According to Elias, the only team in history that won at least six postseason games and got fewer innings per win from its starting pitchers than these Mets (15.8 outs per start) was the 2002 Angels, who won it all while averaging only 14.6 outs per start.
So at least the Mets know now this can be done this way. But their bullpen phone has been ringing so many times a night, you wonder if these guys are getting paid enough to take on all those phone-answering responsibilities.
"I don't know if we need to hire a secretary out there," laughed reliever Aaron Heilman. "I don't think we want that yet."

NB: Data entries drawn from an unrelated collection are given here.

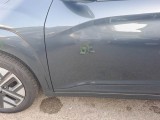  Hyundai  Kona HYUNDAI  / 2021 / 5P / SUV EV XLINE 64 KWH #41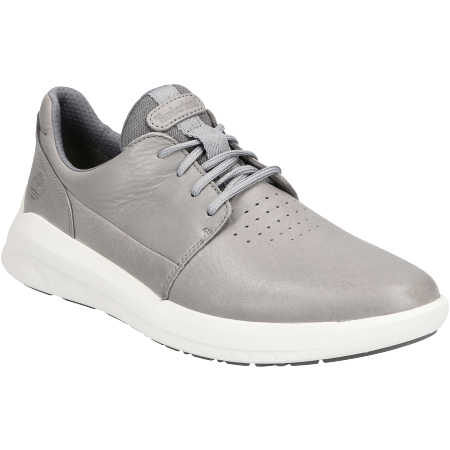 timberland bradstreet ultra lthr ox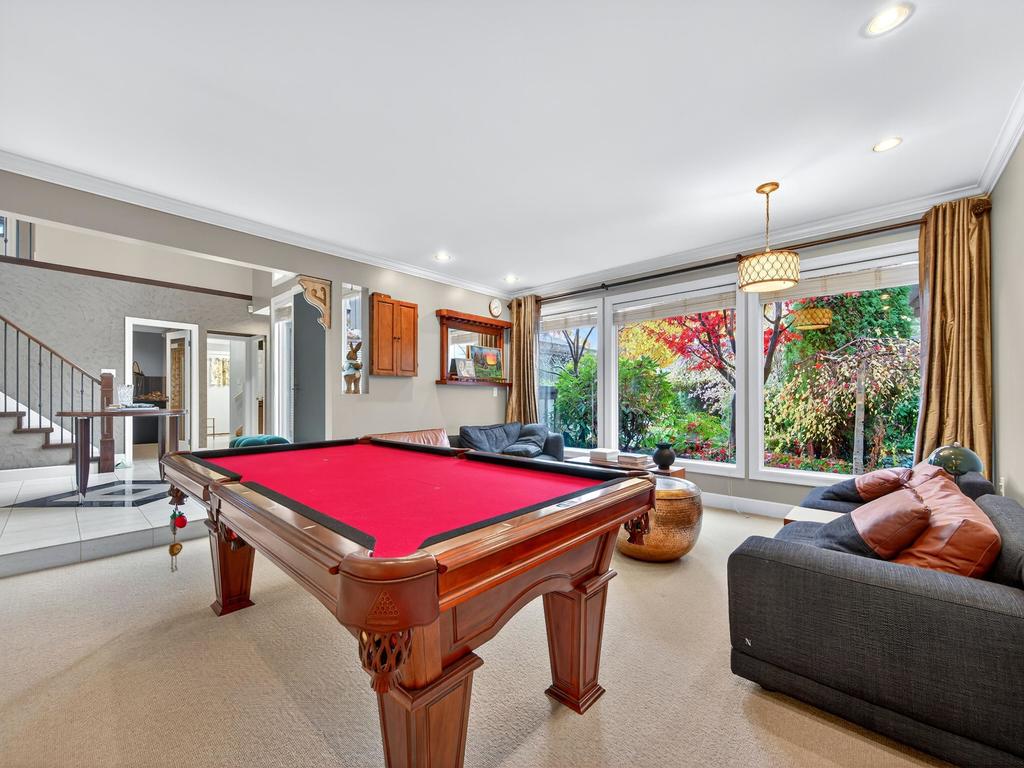 Listing Image for R3065912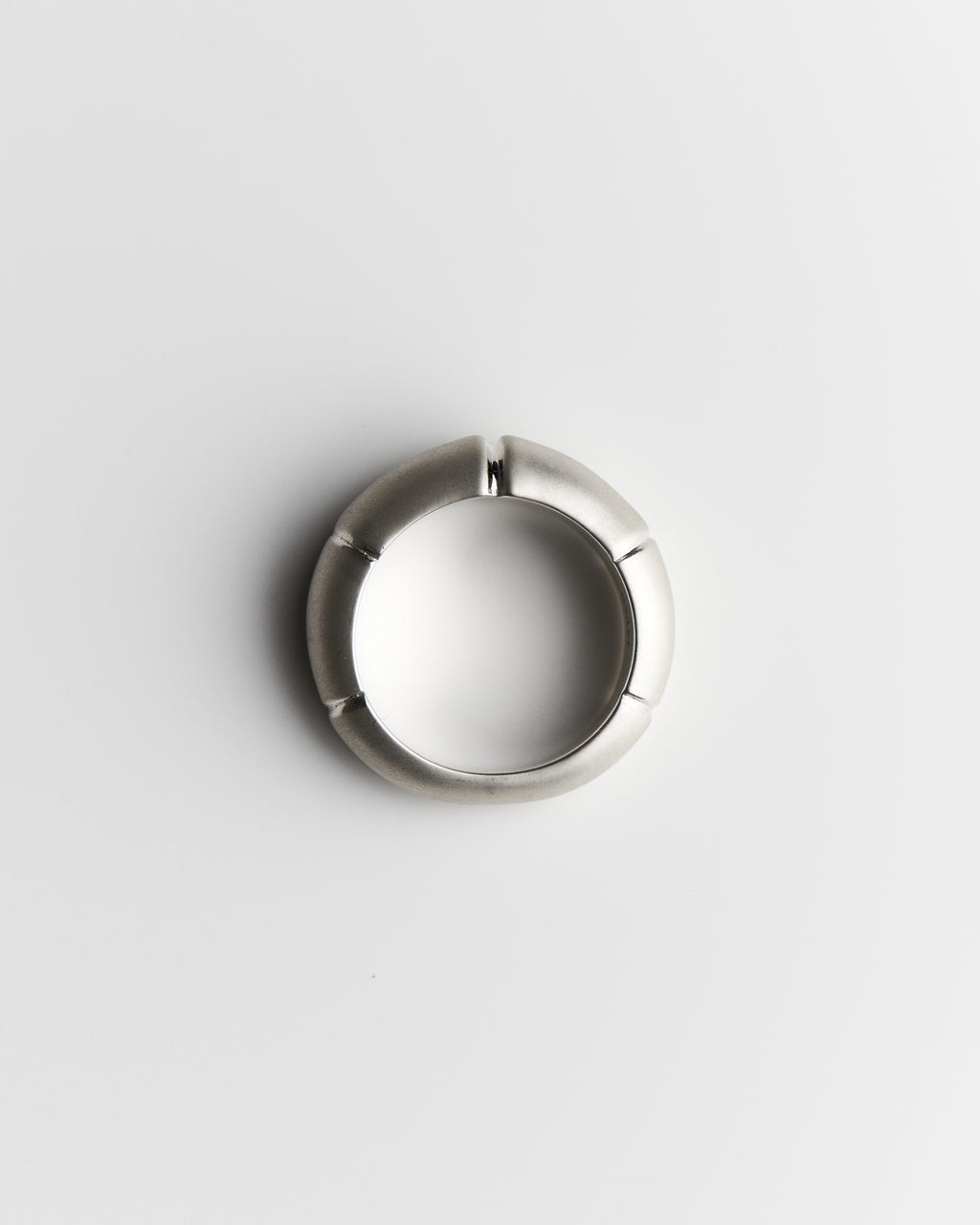 CHIKU SECTION RING GM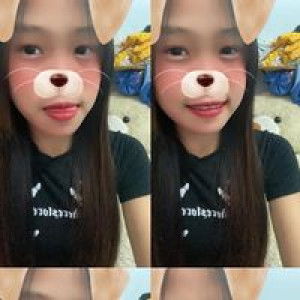 ปริฉัตร สีครามน้อย profile icon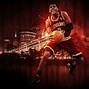 Image result for Kyrie Images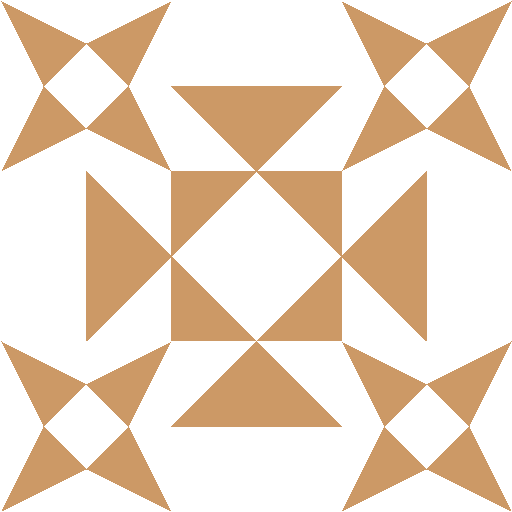 railroad-settlement-amounts6584/mesothelioma-legal-advice3317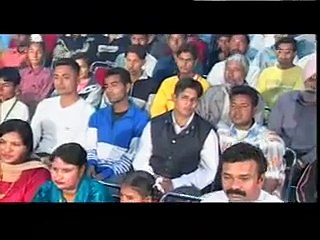 Sucha Soorma  Mohammad Sadiq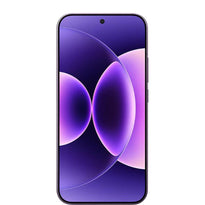 Xiaomi 17 Pro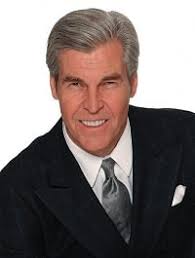 Delivering Good Will Honor Terry Lundgren With Lifetime Achievement Award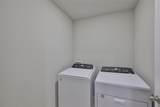 7709 Imagination Place - Photo 29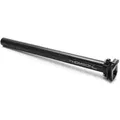 THOMSON Sattelstütze Elite ohne Versatz 30,9 mm schwarz | 367 mm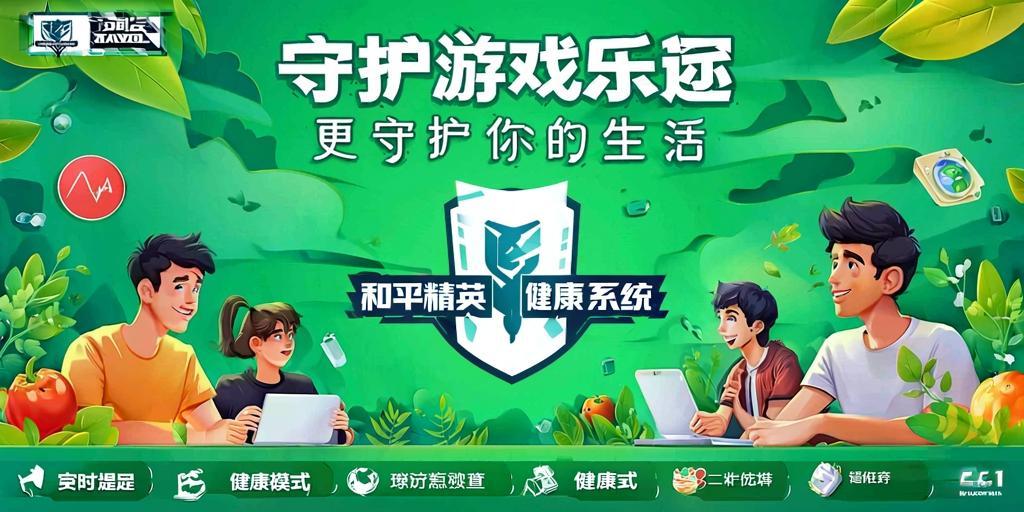 和平精英辅助【Vance万斯直装V1.0稳定版】人机识别 防录屏 主播专用 车辆加速 人物透视 锁头自瞄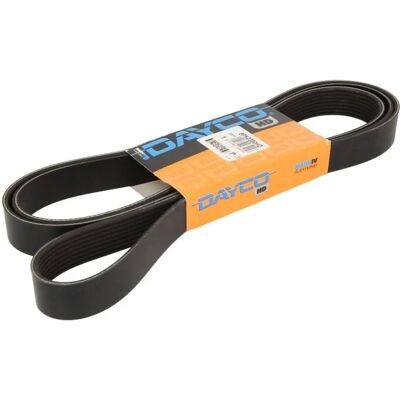 DAYCO 8PK2380HD Courroie trapézoïdale - Courroie DAYCO 8PK2380HD Courroie trapézoïdale - Courroie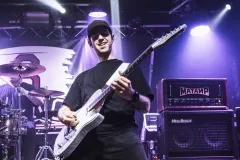 2025-05-09-Dritte-Chance-@-Helvete-DSC09737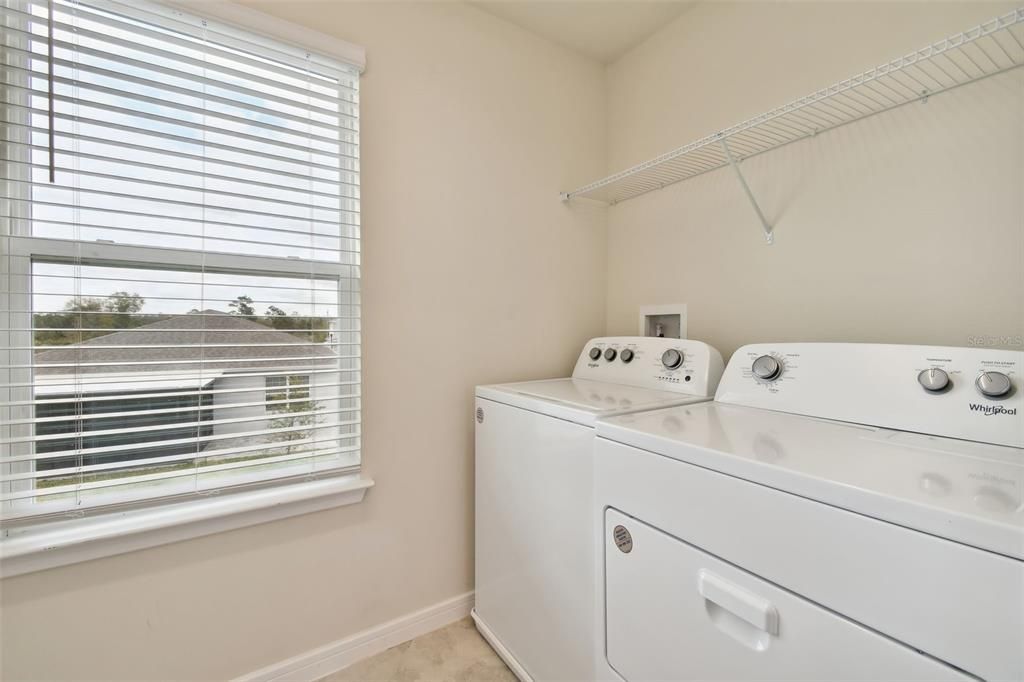 For Sale: $590,000 (4 beds, 2 baths, 2429 Square Feet)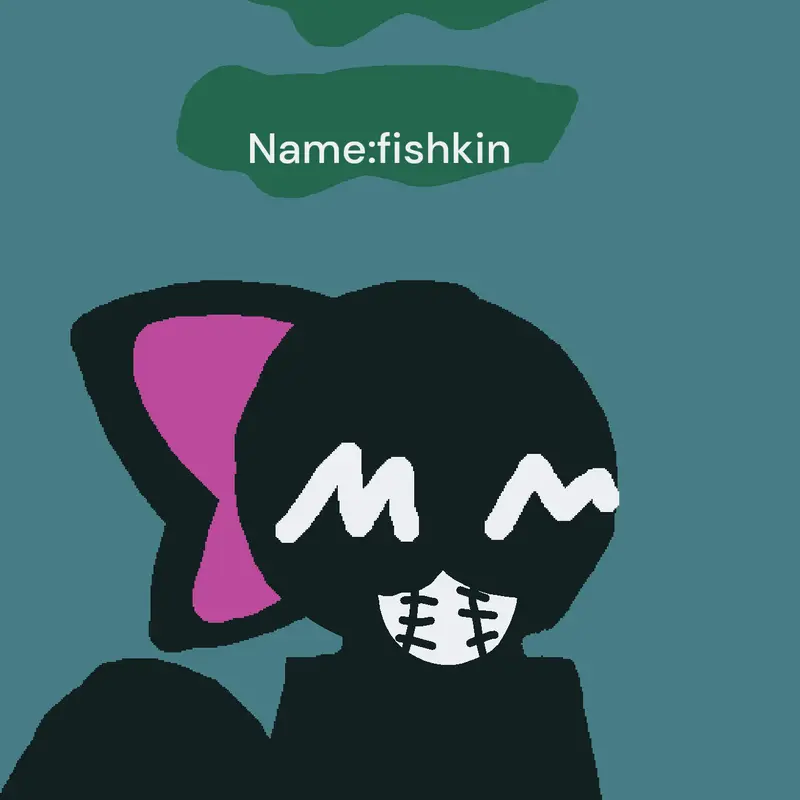 Game by @imnotgoodatmakinggames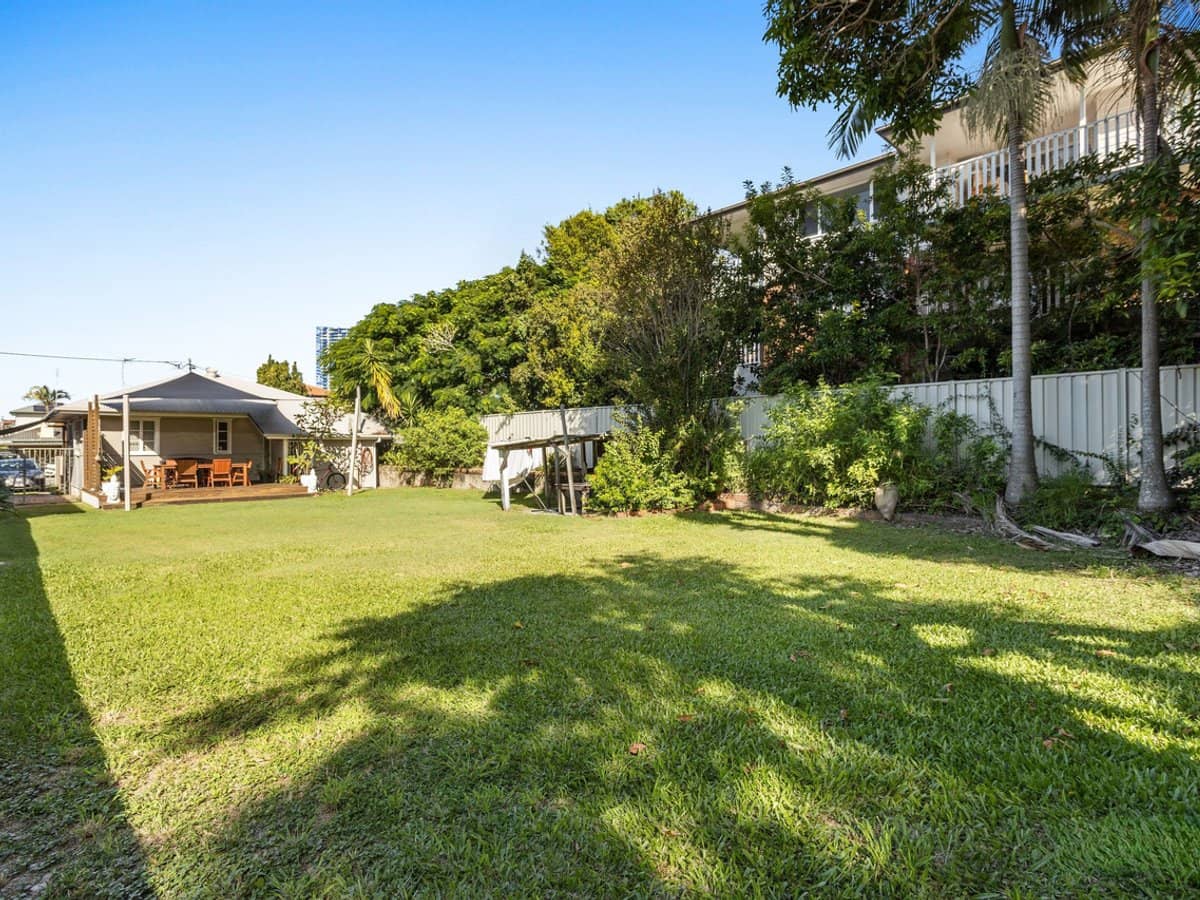 7 Clegg Street, Southport - Thumbnail 10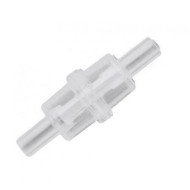 FILTER ZA VODU PROTOCNI SPINEL BIANCHI SAECO RHEAVENDORS fi 8 mm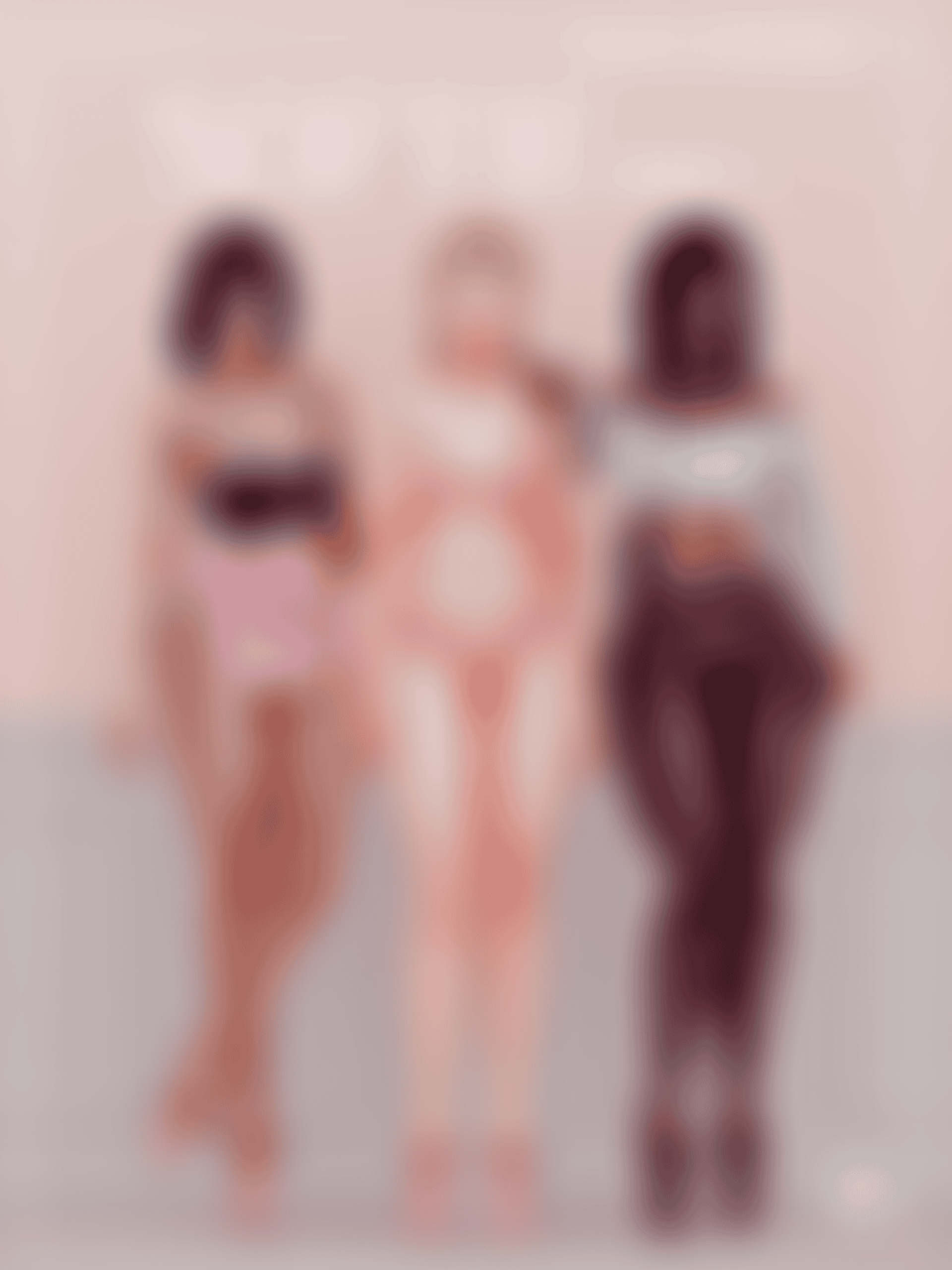 Preview image 1 for QUICK DOWNLOAD - Softie - Part 1 by BLUE CRAVING.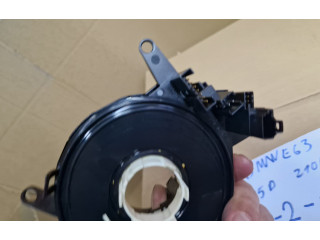 Подрулевой шлейф SRS 697639502, 0430623009   BMW 6 E63 E64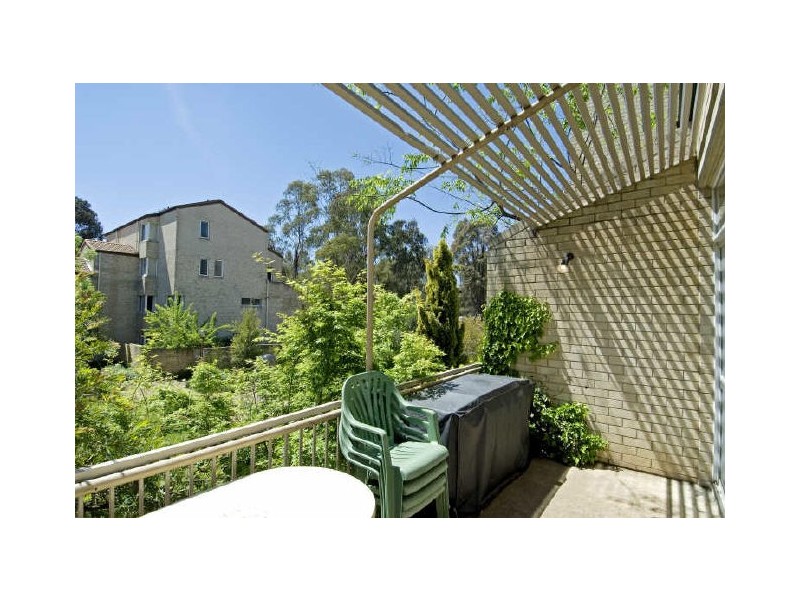 38A/52 Forbes Street, Turner ACT 2612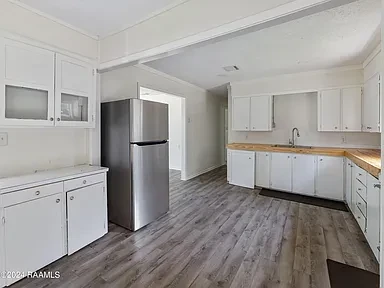 512 Sunset Dr, Lafayette, LA 70501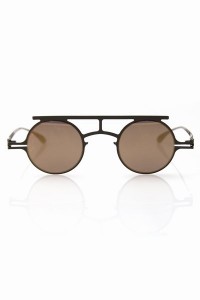 Hamilton Fir by Mykita 2 200x300 Hamilton Fir by Mykita 2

What they do want is no secret. They want to find a way to win one more baseball game on a Thursday night in October, a game that would complete their six-month expedition to a destination they were specifically built to travel to.
That destination is the World Series. And their next nine innings could well determine whether they look at their season as an inspirational success story or a devastating disappointment.
Incredibly, they will start those nine innings with Oliver Perez -- a man who won one regular-season game in the big leagues after Memorial Day. And the Mets will have to find a way for him -- or possibly him and 16 relievers -- to beat a pitcher (Jeff Suppan) who shut them out for eight innings Saturday in St. Louis.
But they're not in St. Louis anymore. So if Jeff Suppan and the Cardinals are going to beat them again, it will have to be in the wilderness of Shea Stadium.
"This is one crazy place, man," said Cliff Floyd. "So if they can beat us here, hey, I'll tip my hat to them."
And then, of course, he'll go back to trying to figure out the words to that Jose-O-Lay-O-Lay-O-Lay song.
Jayson Stark is a senior writer for ESPN.com.